__What the exercise asks__. Reproduce everything from the line that contains "Mercantil Rodrigues Farinha" down to the line that contains "Rolex watches Daytona" in the listing below, word for word and nothing more. Leave the pictures out.

__Entries shown__.

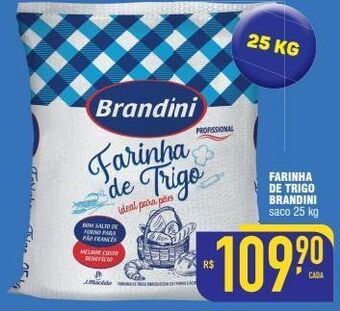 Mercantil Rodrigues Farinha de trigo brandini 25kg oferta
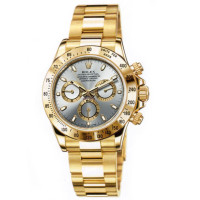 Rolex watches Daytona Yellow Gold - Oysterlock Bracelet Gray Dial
...
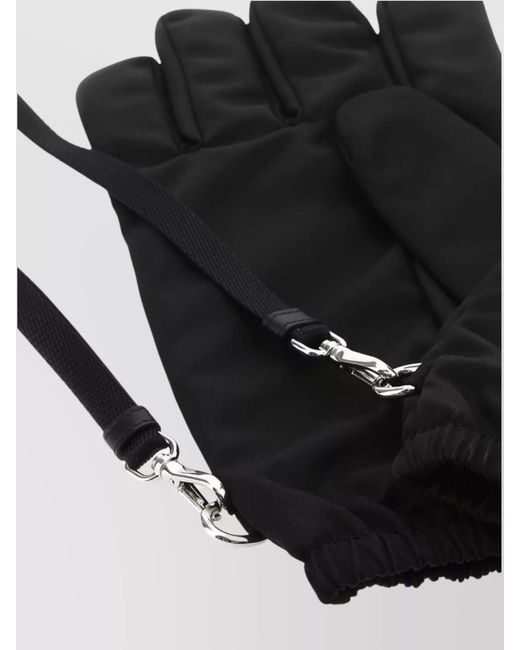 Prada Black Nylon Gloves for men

__Reply to the task__.
 Mercantil Rodrigues Farinha de trigo brandini 25kg oferta
 Rolex watches Daytona Yellow Gold - Oysterlock Bracelet Gray Dial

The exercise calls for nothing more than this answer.